# Help- Gliptone Liquid Leather spillage



## MrL (Jul 30, 2005)

Help ! [smiley=gossip.gif] 
I was cleaning my wife's A3 and giving the seats a good going over with Liquid Leather  when I knocked the bottle of liquid Leather off of the armrest. :evil: As the lid was off of it, it 'exploded' all over the interior. 
Obviously where it landed on the leather was fine, the hard plastics OK, the carpet not too bad, but the nightmare is the cloth headlining ! [smiley=bigcry.gif]

Has anyone got any tips on how I can remove it from the material please ? !

Mr L


----------



## prt225TT (May 7, 2007)

:lol: :lol: :lol:

I'm guessing if it "exploded" and covered all these surfaces... you got covered too??!! :lol:

I notice it takes a while to get rid of the smell of the conditioner.
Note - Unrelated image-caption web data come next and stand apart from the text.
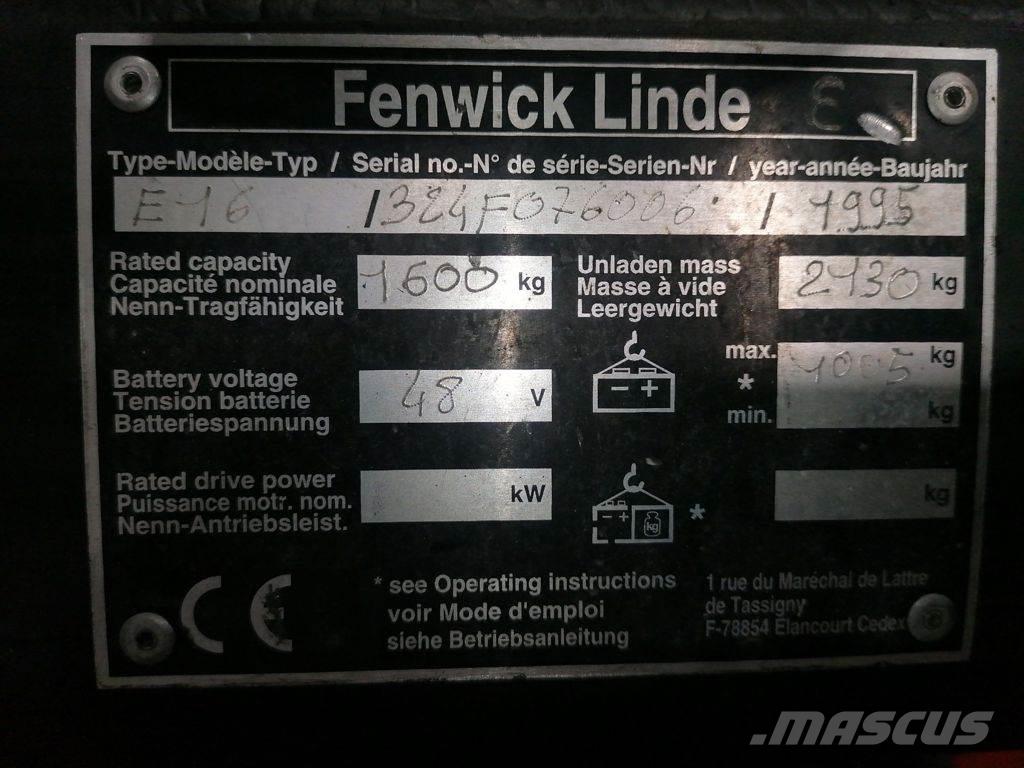 Linde E16 バッテリーフォークリフト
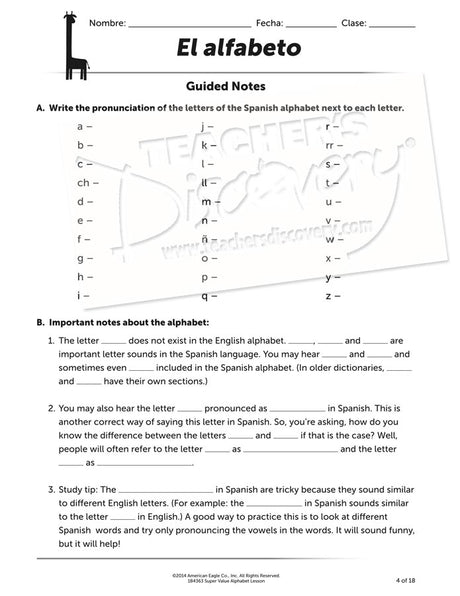 Super Value Alphabet Lesson Spanish Download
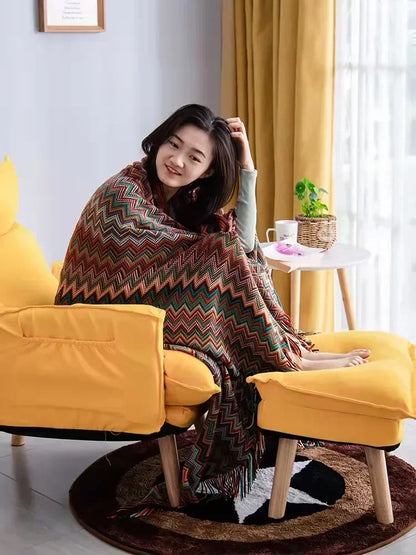 Knitted Blankets Bohemian Plaid Throw Blanket Sofa Cover With Tassels Travel Leisure Bed Cover Blanket boho Bedspread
The 1st days after cleaning, I notice I pick up a little of the leather smell myself :roll:

No idea how to clean the headlining, maybe a damn cloth?


----------



## R6B TT (Feb 25, 2003)

prt225TT said:


> :lol: :lol: :lol:
> 
> No idea how to clean the headlining, maybe a damn cloth?


Damp one might be more effective 

Or try a nail brush with some warm water ?


----------



## prt225TT (May 7, 2007)

R6B TT said:


> prt225TT said:
> 
> 
> > :lol: :lol: :lol:
> ...


Oops, typo, not an angry post :wink:

These things happen when sneaking in some TT Forum at work :roll:


----------